This implies both that my object-level beliefs can be at odds with their meta-level criteria (if this becomes too obvious for me to rationalize away, I’m more likely to change one or other object-level belief than to change the meta-level heuristic), and that you and I can disagree fundamentally on the object level while still believing that there’s something in common which makes argumentation relevant to our disagreement.
OK. I’ll reply here because if I reply there, you won’t get the notifications.
The crux of your argument, it seems to me, is the following intuition:
Rather, it is essential to the concept of morality that it involves shared standards common to all fully reasonable agents.
This is certainly a property we would want morality to have, and one which human beings naturally assume it must have– but is that the central property of it? Should it turn out that nothing which looks like morality has this property, does it logically follow that all morality is dead, or is that reaction just a human impulse?
(I will note, with all the usual caveats, that believing one’s moral sentiments to be universal in scope and not based on preference is a big advantage in object-level moral arguments, and that we happen to be descended from the winners of arguments about tribal politics and morality.)
If a certain set of moral impulses involves shared standards common to, say, every sane human being, then moral arguments would still work among those human beings, in exactly the way you would want them to work across all intelligent beings. Frankly, that’s good enough for me. Why give baby-eating aliens in another universe veto powers over every moral intuition of yours?
Thanks for the reply—I find this a very interesting topic. One thing I should clarify is that my view doesn’t entail giving aliens “veto powers”, as you put it; an alternative response is to take them to be unreasonable to intrinsically desire the eating of babies. That isn’t an intrinsically desirable outcome (I take it), i.e. there is no reason to desire such a thing. Stronger still, we may think it intrinsically undesirable, so that insofar as an agent has such desires they are contrary to reason. (This requires a substantive notion of reason that goes beyond mere instrumental rationality, of course.)
In any case, I’d put the crux of my argument slightly differently. The core intuition is just that it’s possible to have irresolvable moral disagreements. We can imagine a case where Bob is stubbornly opposed to abortion, and Jane is just as stubbornly in favour of it, and neither agent is disposed to change their mind in light of any additional information. EY’s view would seem to imply that the two agents mustn’t really disagree. And that just seems a mistake: it’s part of our concept of morality that this very conceptcould be shared by someone who fundamentally (and irresolvably) disagrees with us about what the substantive moral facts are. This is because we’re aspiring to conform our judgments to a standard that is outside of ourselves. (If you don’t think there are any such objective standards, then that’s just to say that there are no normative facts, given my concept of normativity.)

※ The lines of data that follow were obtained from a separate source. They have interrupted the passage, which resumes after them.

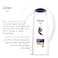 Dove Intensive Repair Shampoo, 400ml, Pack of 2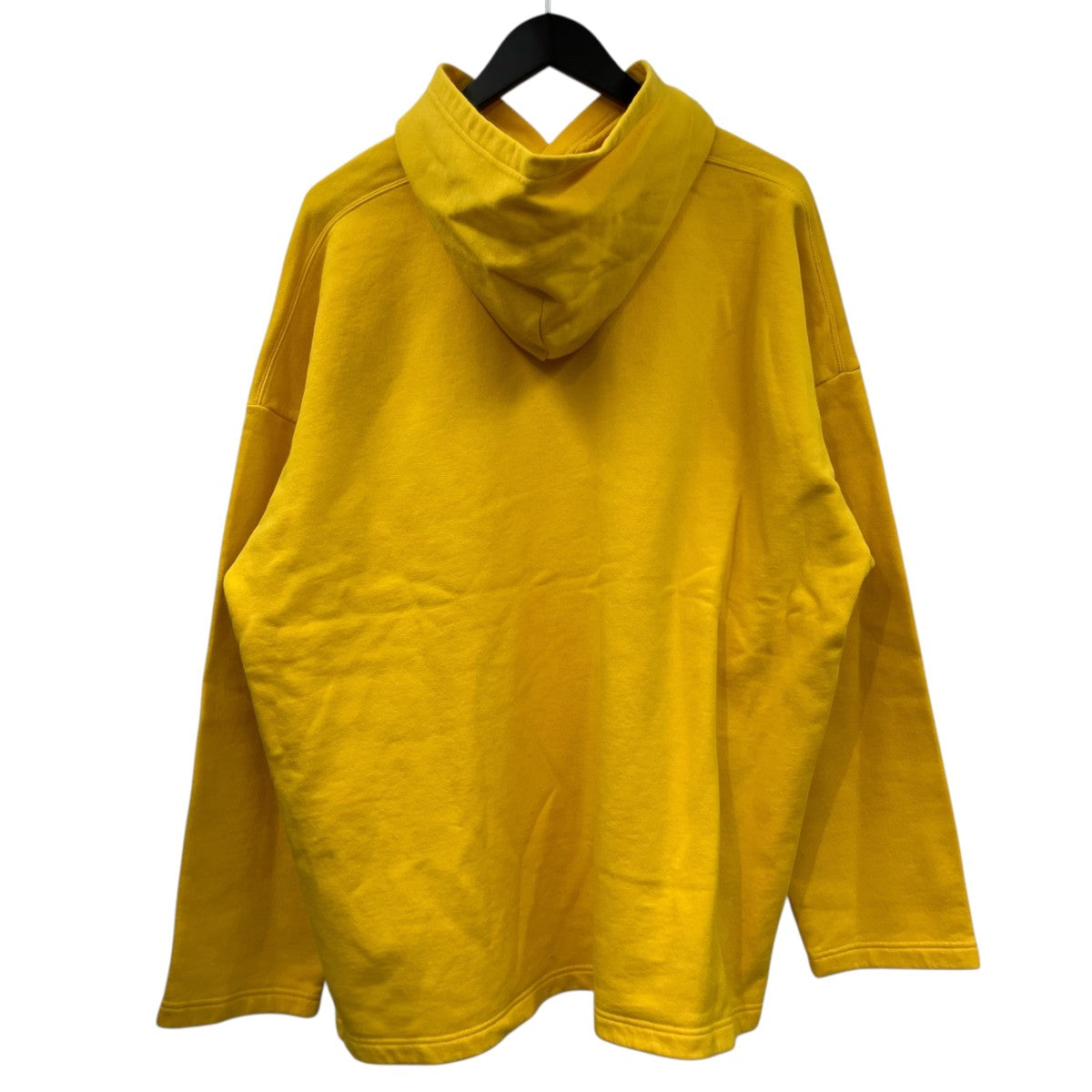 schollプルオーバーパーカー826174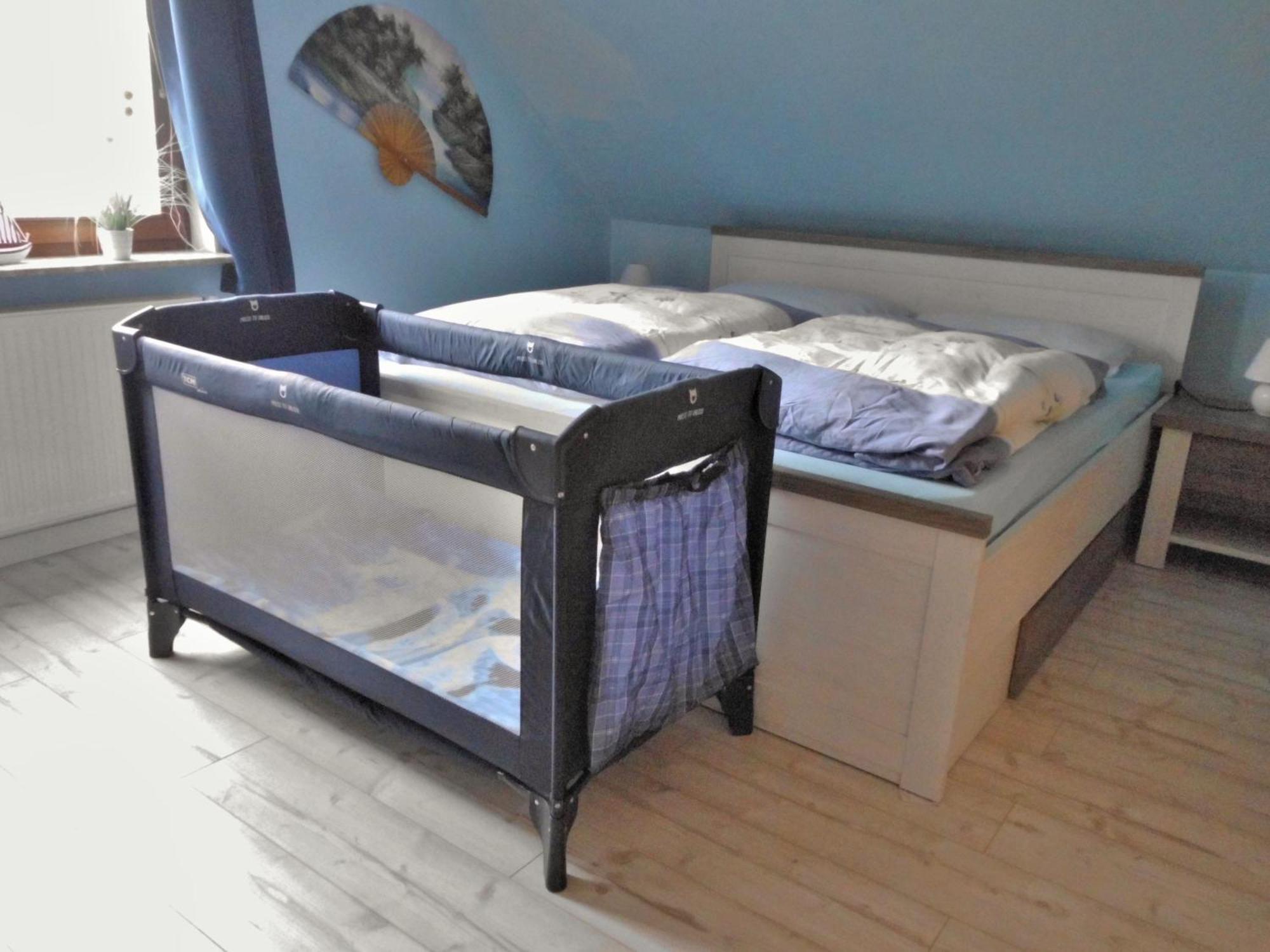 Thiessen - Ferienwohnung Mit Sonnigem Balkon Silberstedt Bagian luar foto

Human beings are analogous to computers. Morality and other aspects of behavior and cognition are analogous to programs. It is a type error to ask whether a program “really exists” somewhere outside a computer, or is “intrinsic” to a computer, or is “contingent”, or something like that. Such questions don’t correspond to observations within the world that could turn out one way or the other. You see a computer running a certain program and that’s the end of the story.
Your mind is a program too, and your moral intuitions are how your algorithm feels from inside, not a direct perception of external reality (human beings are physically incapable of that kind of thing, though they may feel otherwise). I know for a fact that you have no astral gate in your head to pull answers from the mysterious source of morality. But this doesn’t imply that your moral intuitions “should” be worthless to you and you “should” seek external authority! There’s nothing wrong with mankind living by its internal moral lights.

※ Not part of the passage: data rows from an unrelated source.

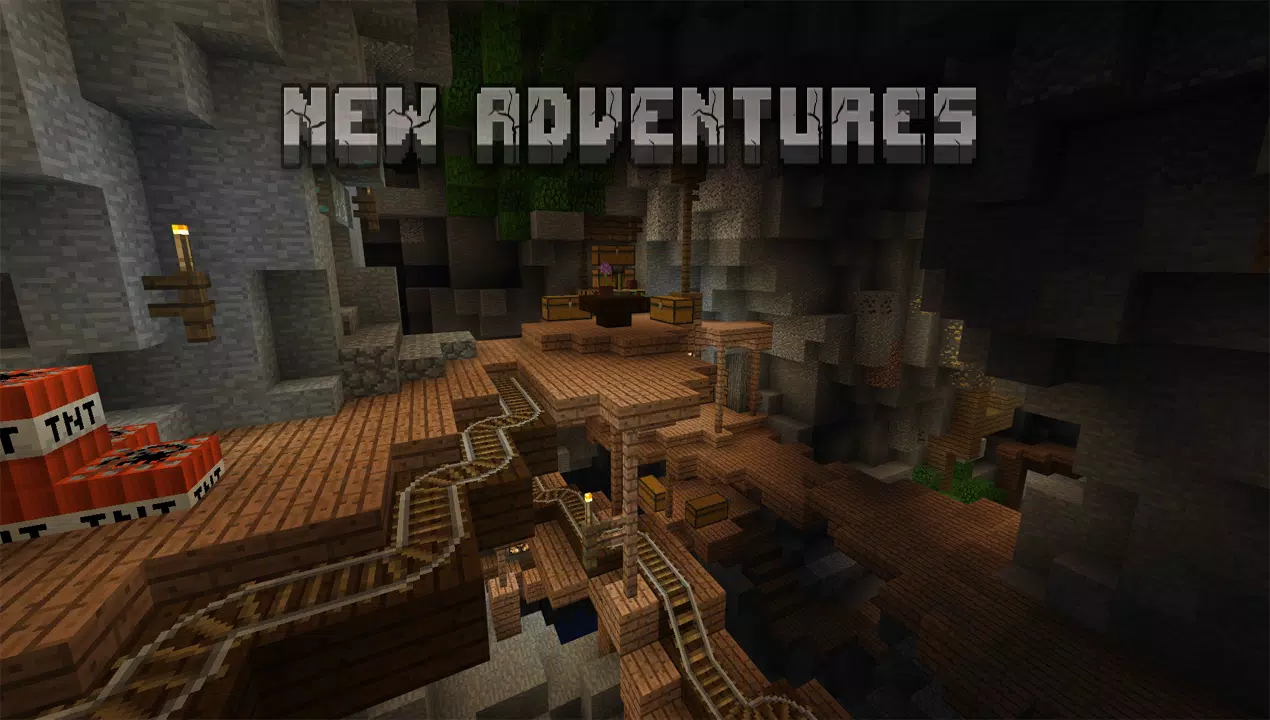 Master Craft Building Craft Capture d'écran 1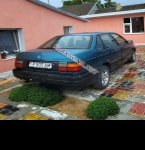 продам Volkswagen Passat в пмр  фото 1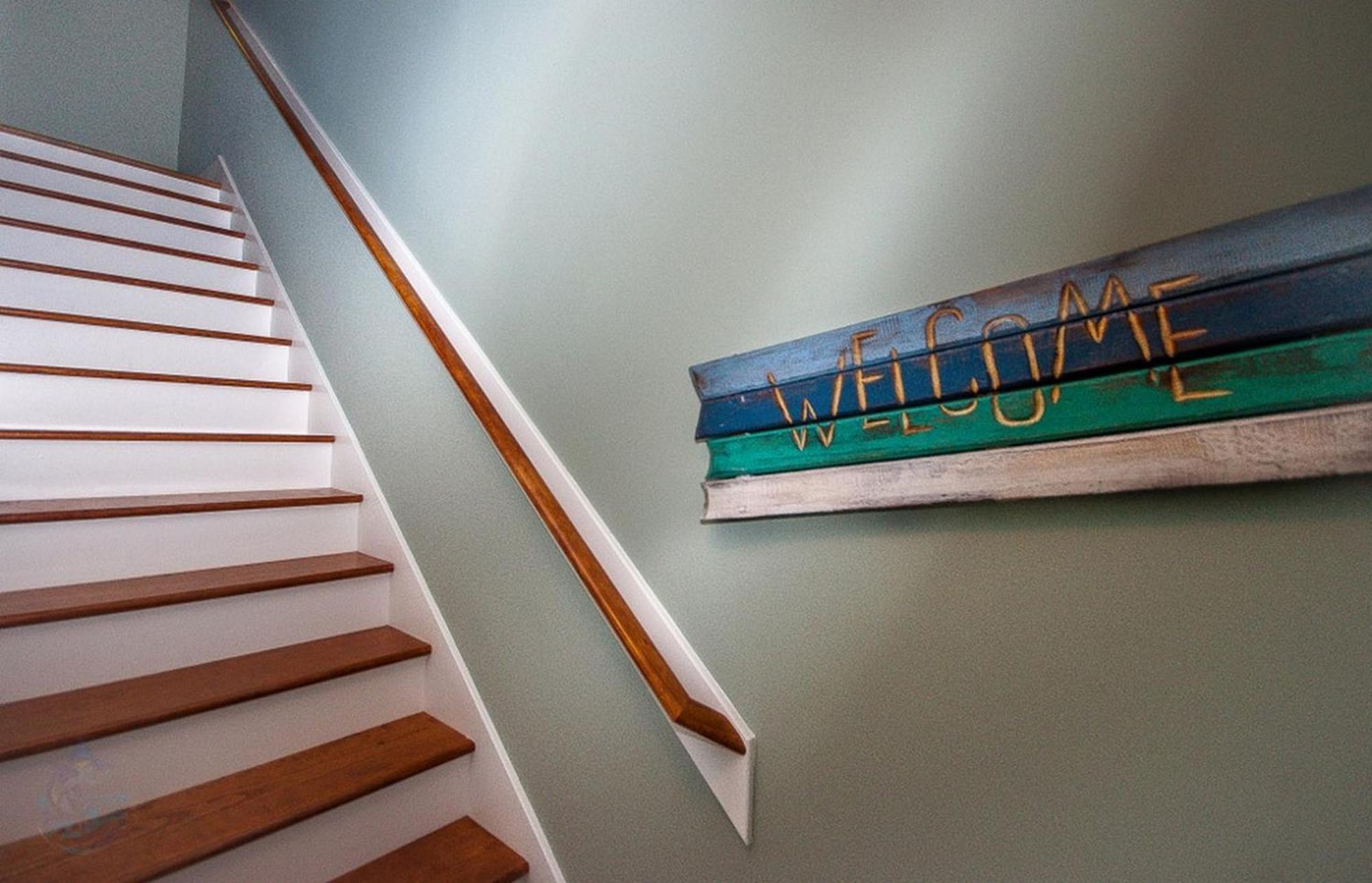 Beacon Villas At Corolla Light Resort By Kees Vacations Bagian luar foto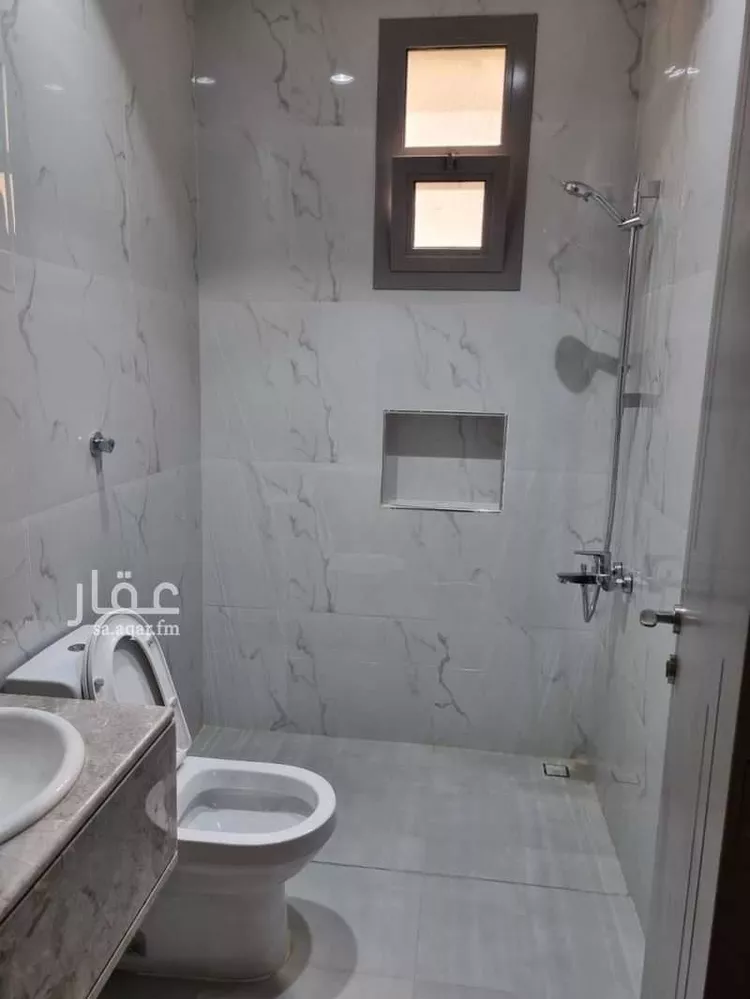 شقة للإيجار في شارع فضيلة الشيخ أحمد قاري, حي عرقة, مدينة الرياض, منطقة الرياض صورة 5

Yes, it’s possible that different computers will have different programs. Our world contains billions of similar “moist robots” running similar programs, perhaps because we were all created from design documents that are 99% identical for historical reasons, and also because we influence each other a lot. Your intuition that all “possible” sentient agents must share a common morality is unlikely to survive an encounter with any sentient agent that’s substantially different from a human. We can imagine such agents easily, e.g. a machine that will search for proofs to Goldbach’s conjecture and turn surrounding matter and energy into computing machinery to that end. Such a machine may be more ingenious than any human in creating other machines, discovering new physics, etc., but will never gravitate toward your intuition that one shouldn’t kill babies. Most possible “intelligent agents” (aka algorithms that can hit small targets in large search spaces) aren’t humans in funny suits.

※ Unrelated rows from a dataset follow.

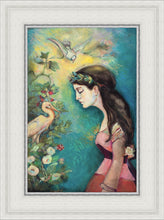 Load image into Gallery viewer, Prayer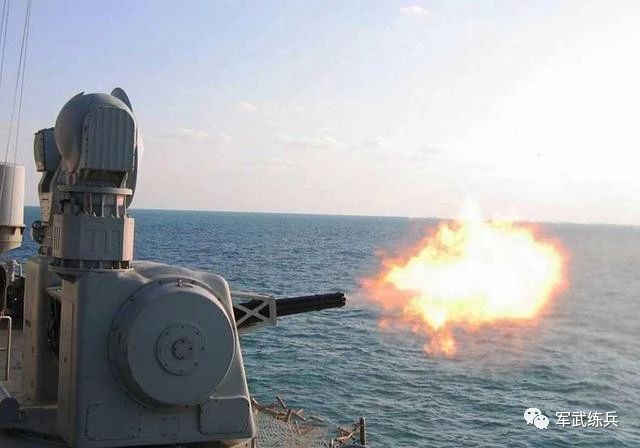 我国能爆发多强大的战力？德国专家提出个人观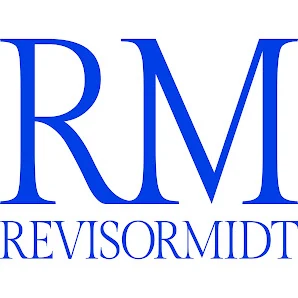 RevisorMidt ApS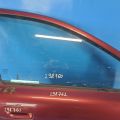 30753470 | Стекло двери передн. прав. VOLVO XC70 00–07
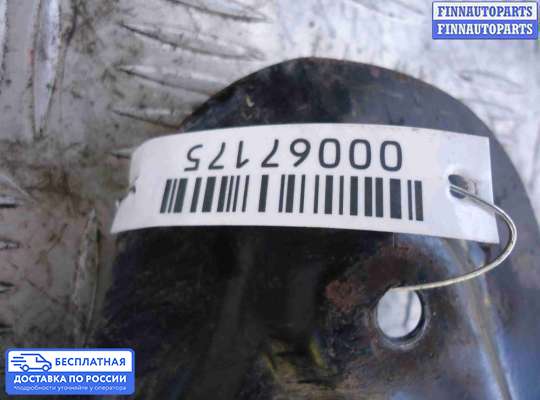 Стеклоподъемник электрический на Volkswagen LT II (2D)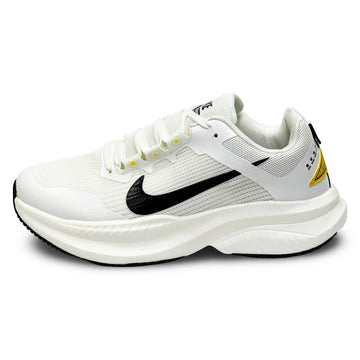 Nk Running – M255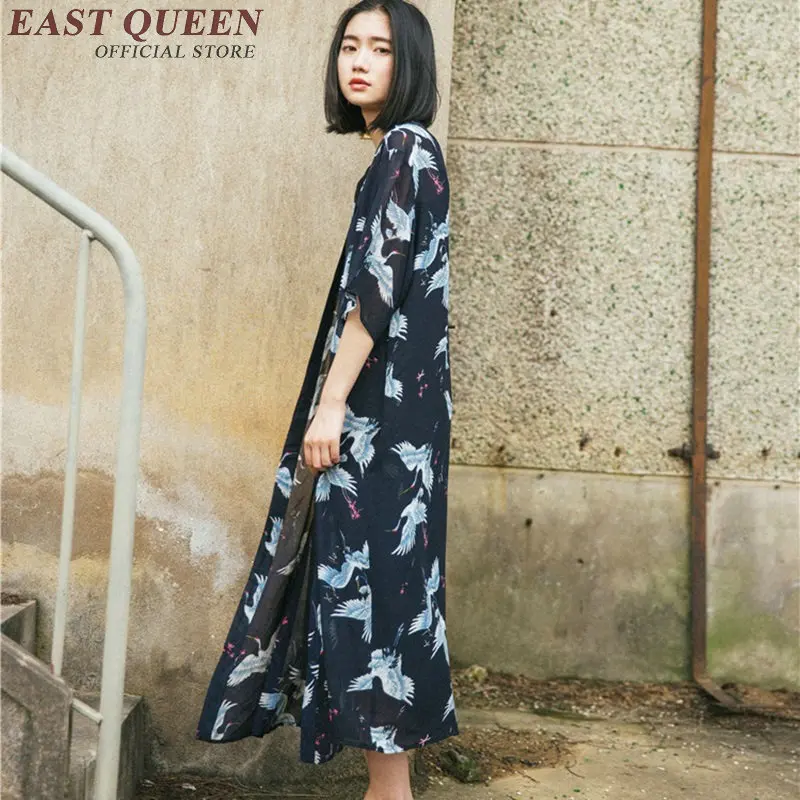 TB2CpWPppXXXXXbXXXXXXXXXXXX_!!411694589 -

I expect Richard’s memeset has understanding of all your points that doesn’t move his current position. You’re probably exposing him to arguments he has already encountered, so there’s little point in expecting a different result. I’m not saying that Richard can’t be moved by argument, just not by standard argument that is already known to have failed to move him. He even probably “agrees” with a lot of your points, just with a different and more sophisticated understanding than yours.
On the other hand, it might work for the benefit of more naive onlookers.
The intent of my comment wasn’t to convince Richard (I never do that), but to sharpen our points and make him clarify whatever genuine insight he possesses and we don’t.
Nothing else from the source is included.